The first variety of this disapproval was given characteristic expression in April by Doonesbury cartoonist Garry Trudeau, when he proclaimed that satire only “punches up, against authority of all kinds” and that the Charlie Hebdo cartoonists erred by instead “punching downward, by attacking a powerless, disenfranchised minority with crude, vulgar drawings closer to graffiti than cartoons.” But it had already been de rigueur among the bien pensant for months, having become so almost immediately after the Charlie Hebdo massacre in January.
The moral and intellectual vacuity of the “punching down” argument is best illustrated by this imbecilic screed, which laments the PEN American Center’s decision because commemorating Charlie Hebdo’s boorishness perpetuates the worst injustice in the world: “Western white culture’s misguided understanding of freedom in relation to denigrating minority cultures.” Only someone who willfully served a long sentence in those university departments whose commitment to basic canons of reasoning, evidence, and argumentation is generously described as modest could write something that leads one to conclude her mind is still imprisoned there.
David Frum, Ross Douthat, and Jordan Fraade, among others, have pointed to inconsistencies and contradictions that render the “punching down” thesis, at least when applied to Charlie Hebdo, fatuous and incoherent. For one thing, there seems to be little privilege in spending one’s life in hiding because someone thought you were “punching down” when you were simply moving your hand. For another, the fact that Islam claims some 1.5 billion worshippers ineluctably leads one to inquire just how powerless are its adherents, really.
Privileging the Favored
The irony of the Argument from Pugilism, as we might call it, is that it exchanges one privilege for another. A privilege is a private law; by definition it belongs to a few and not to all. Privilege demarcates a group and sets it apart from society. Critics of satire of Muslims challenge it on the grounds that it reinforces the advantageous social standing of the satirists. The satirists, they charge, pick on a group that is already on the fringes of society.
But there is also a privilege in being exempt from the norms which govern the rest of society. To declare Islam immune from the tumults of the public sphere because fragility or incompatibility renders it incapable of thriving therein is to demand a privilege at least equal to the supposed one that enables the persecution of a defenseless minority.
This privilege has no legal standing. Its proponents seek moral sanction for it. This may be both unnecessary and futile. Why ask for what you can take? As has been demonstrated all too often, some of the powerless and disenfranchised are ready to “punch up”—with fists, knives, guns, and bombs. Any attempt to rescind this privilege is treated as an affront which may be requited with violence. Perhaps, then, we shouldn’t fight at all.

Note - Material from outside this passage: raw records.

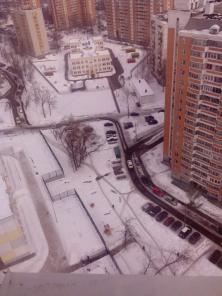 продается 1 комнатная квартира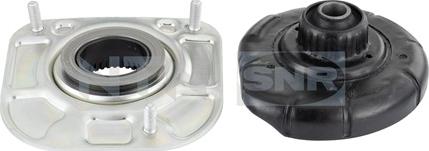 SNR KB665.05 - Amortizatora statnes balsts www.autospares.lv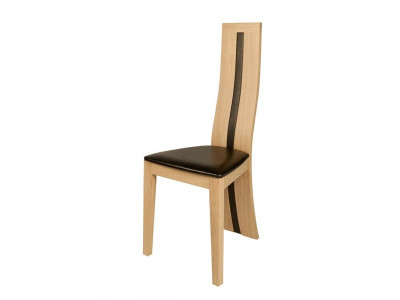 Chaises contemporaines - meubles jamet
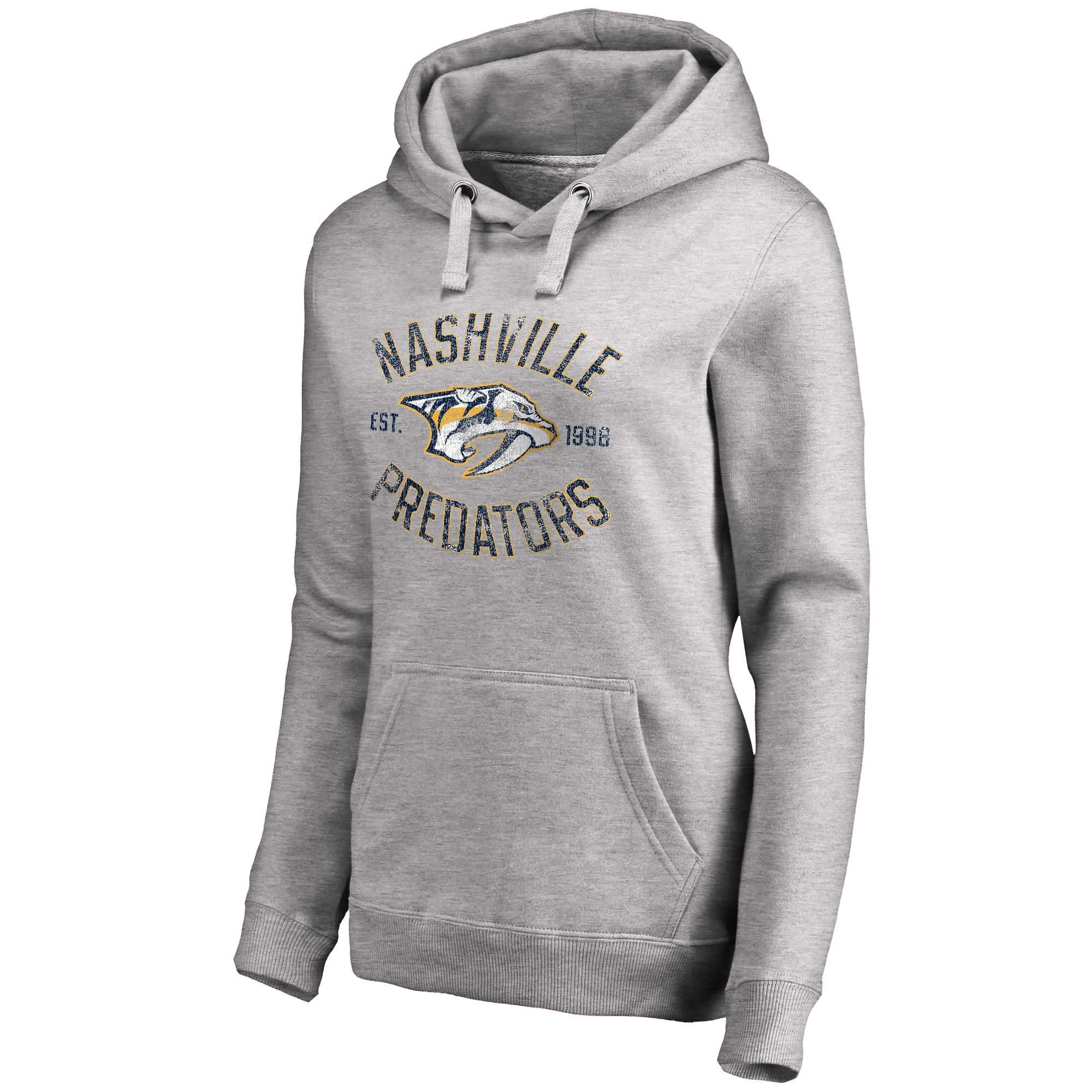 predators sweater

Murder Victims Had It Coming?
“Nobody worries about upsetting a droid.” This conclusion inspires the altogether more sinister variant of disapproval for drawing pictures of Muhammad, the Argument from Provocation, which should be familiar to anyone who closely attended news coverage of the PEN/Charlie Hebdo controversy and the Garland shootings.
It goes something like this: 1) Some Muslims will react violently to images of Muhammad, which they consider blasphemous. 2) Knowledge of the prohibition and its violent enforcement being widespread among non-Muslims, any activity in which such images are created invites violence. 3) Having possessed this knowledge yet persisted anyway, both Charlie Hebdo’s writers and the organizers of the Texas event were culpable, to whatever degree one cares to assign, for the violence directed against them. All of which is a more polite, circumspect way of saying something nasty: they had it coming.
Reduced to its essence, one can understand the responses this has aroused in those who espy in it an attempt, whether intentional or not, to apportion blame to those who can have no share in it. It is not, though, entirely meretricious. Thomas McDonald articulates the most defensible, and not coincidentally the most modest, version of the provocation thesis. Gratuitous instigation like Geller’s, he contends, picks unnecessarily at those compromises that bind a pluralistic society together. Rubbing someone’s nose in your scorn is not just rude, it is uncivil. You wouldn’t walk up to random Muslims on the street (or Christians, for that matter) and call them heathens or idolaters. Masking your contempt in the cloak of freedom of speech doesn’t disoblige you of basic courtesy.
Such is McDonald’s case, and it is fine as far as it goes. The problem, as he concedes, is that it doesn’t go very far. Geller meant to offend, and offense was taken. But even when there is no intent to offend, some Muslims take offense. And because of their interpretation of Islam’s doctrines, they feel compelled to punish the offense: “idolatry is blasphemy and blasphemy is punished by death.” McDonald acknowledges that “way too many Muslims are willing to murder for their faith,” far more than adherents of other faiths.
Giving the Violent More Excuses
There are no innocent depictions of Muhammad. The concept itself is out of bounds. That is fine for Muslims. But non-Muslims are under no obligation to acquiesce. McDonald is right that one ought not needlessly belittle or be wantonly cruel. But this notion of fair play, when coupled with knowledge of the consequences should one violate it, easily becomes a justification for an exaggerated cautiousness and wariness. It metamorphoses into a conviction that it is better to be safe than sorry, that even if offense isn’t intended one must refrain from saying something lest offense be taken, and those offended react badly.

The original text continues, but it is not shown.